REQUIRED ACTION: Return the records exactly as they appear below, omitting the pictures.

Captioned web image data:
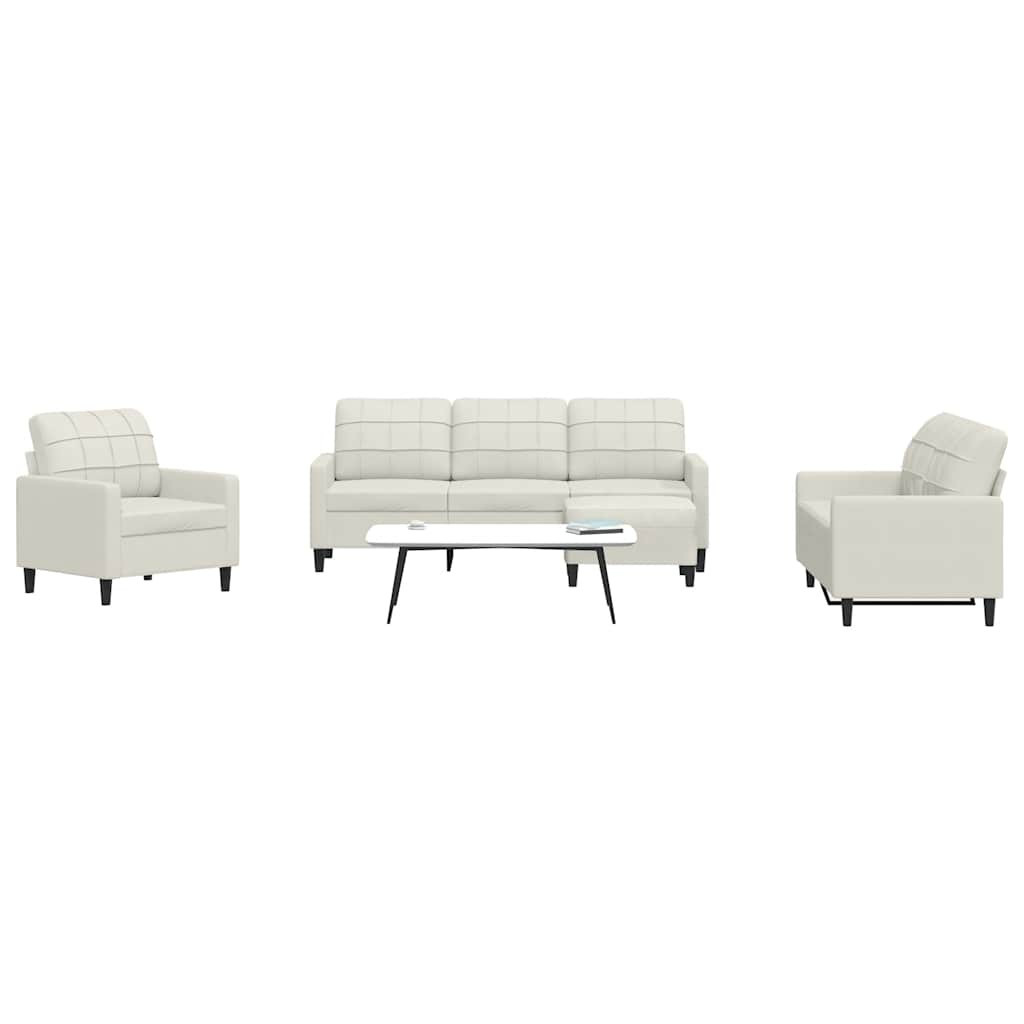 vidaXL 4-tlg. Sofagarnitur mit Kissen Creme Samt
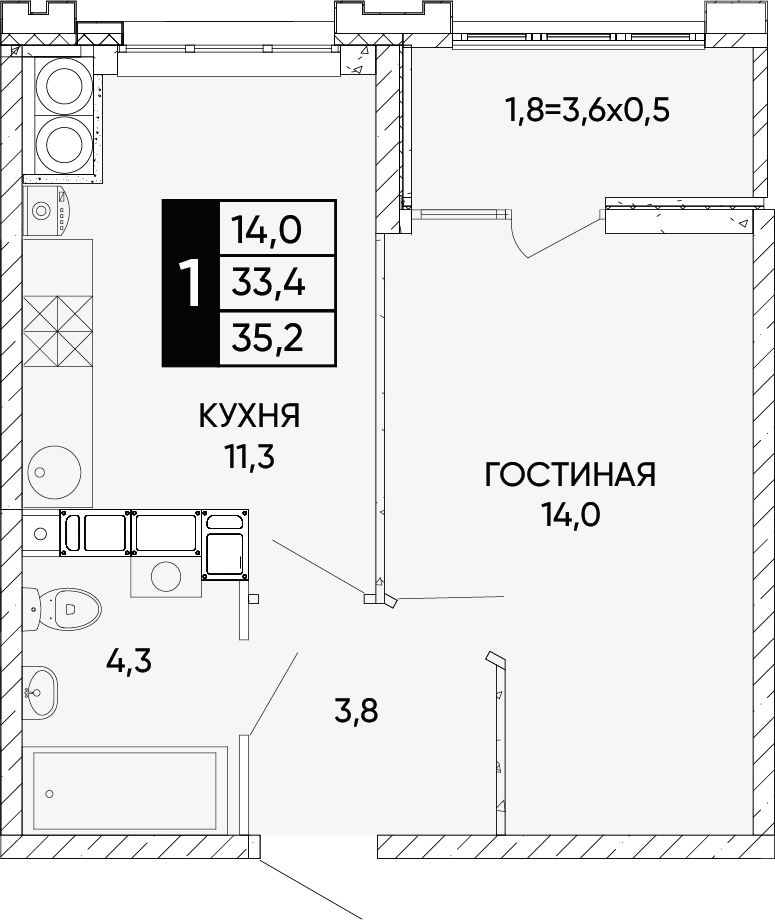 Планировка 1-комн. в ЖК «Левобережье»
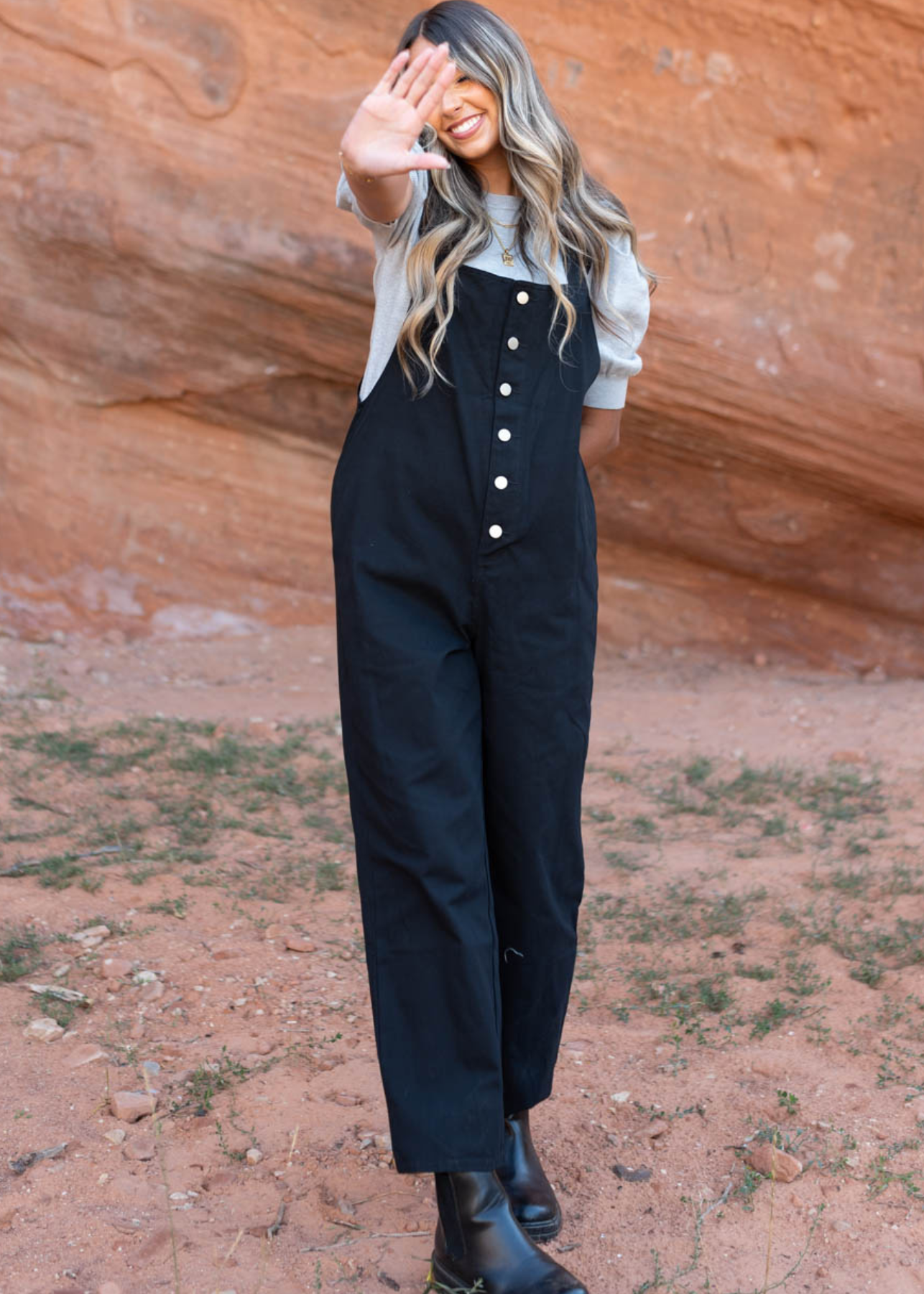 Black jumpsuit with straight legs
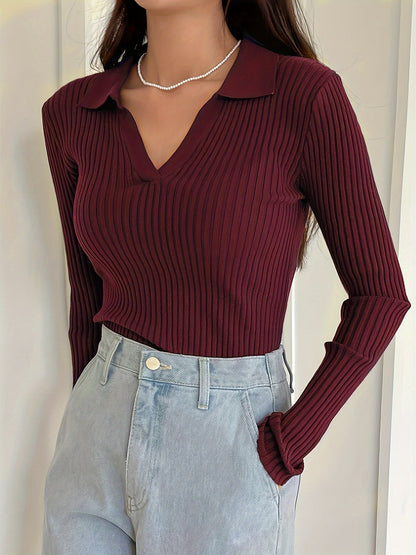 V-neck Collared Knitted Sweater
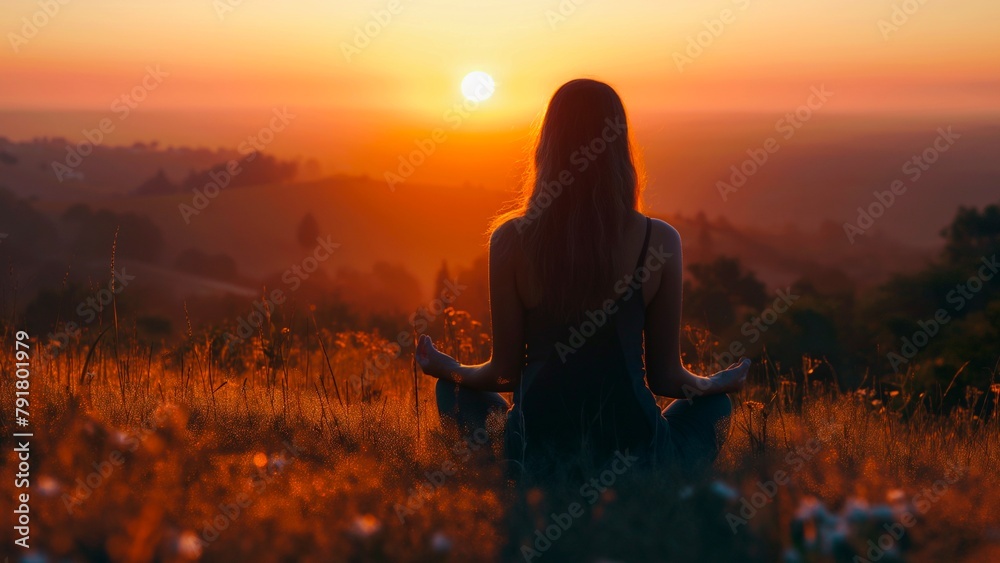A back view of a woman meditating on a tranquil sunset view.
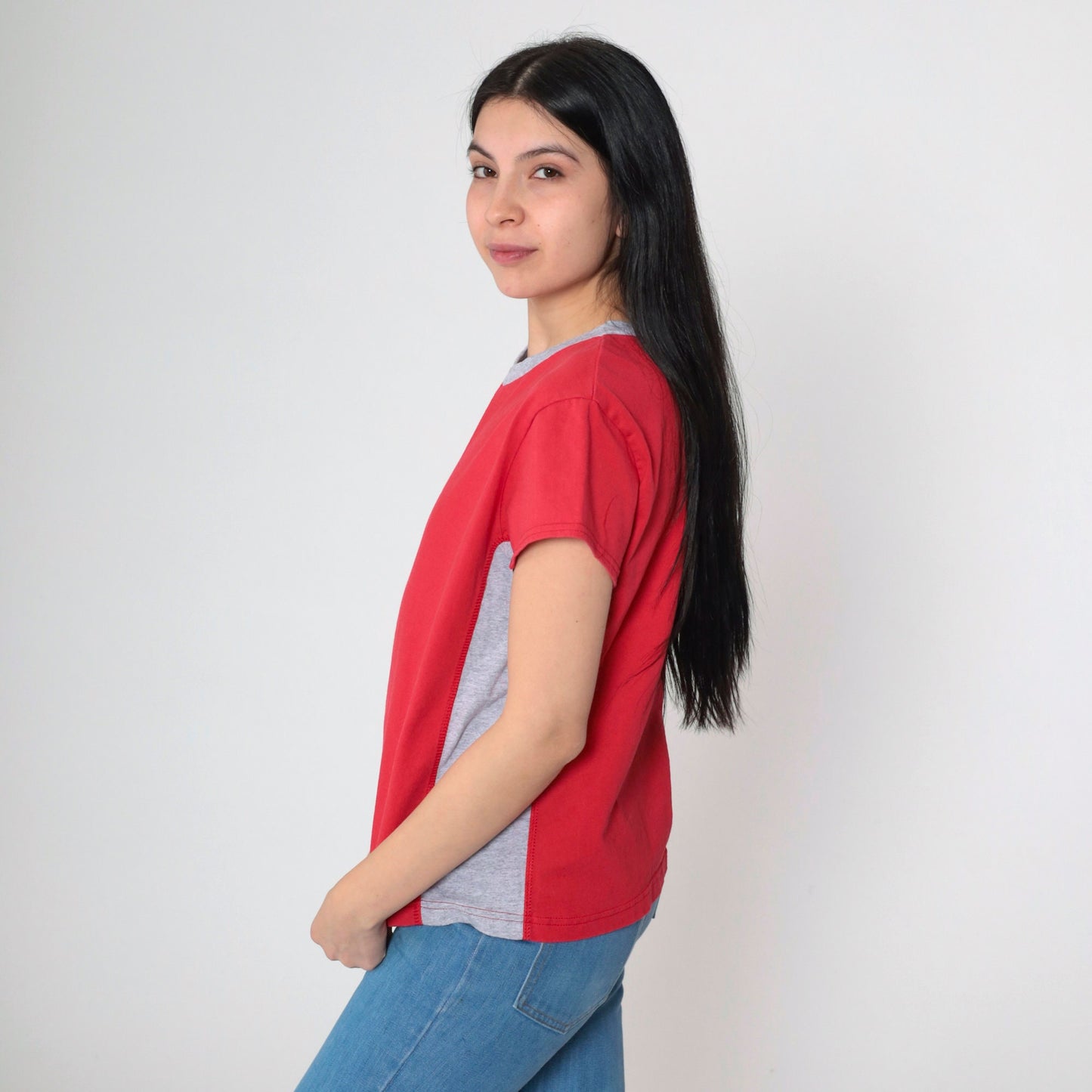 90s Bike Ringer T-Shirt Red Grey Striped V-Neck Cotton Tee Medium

ANSWER BOX:
 vidaXL 4-tlg. Sofagarnitur mit Kissen Creme Samt
 Планировка 1-комн. в ЖК «Левобережье»
 Black jumpsuit with straight legs
 V-neck Collared Knitted Sweater
A back view of a woman meditating on a tranquil sunset view.
 90s Bike Ringer T-Shirt Red Grey Striped V-Neck Cotton Tee Medium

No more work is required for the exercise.